[[ Exercise data, beginning ]]

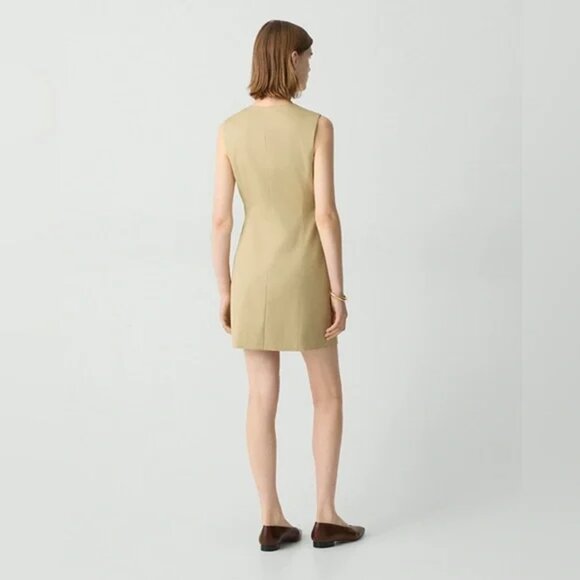 NWT Theory Sleeveless Blazer Button Dress Trench Cotton Chino Lined $375 - Picture 2 of 9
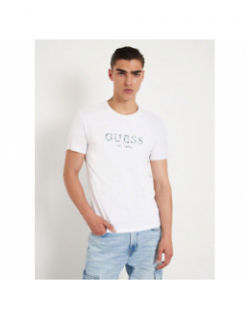 T-shirt logo iridesce blanc homme - Guess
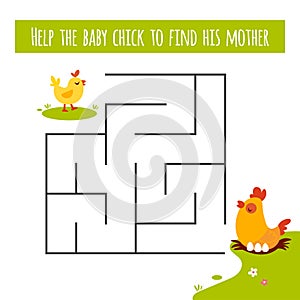 Conundrum. Farm animal educational maze game. Labyrinth page for children`s magazine, leisure activity task.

[[ Exercise data, end ]]

__Problem description__
Please return the lines above exactly, with the pictures omitted.

__Answer to this task__
 NWT Theory Sleeveless Blazer Button Dress Trench Cotton Chino Lined $375 - Picture 2 of 9
 T-shirt logo iridesce blanc homme - Guess
 Conundrum. Farm animal educational maze game. Labyrinth page for children`s magazine, leisure activity task.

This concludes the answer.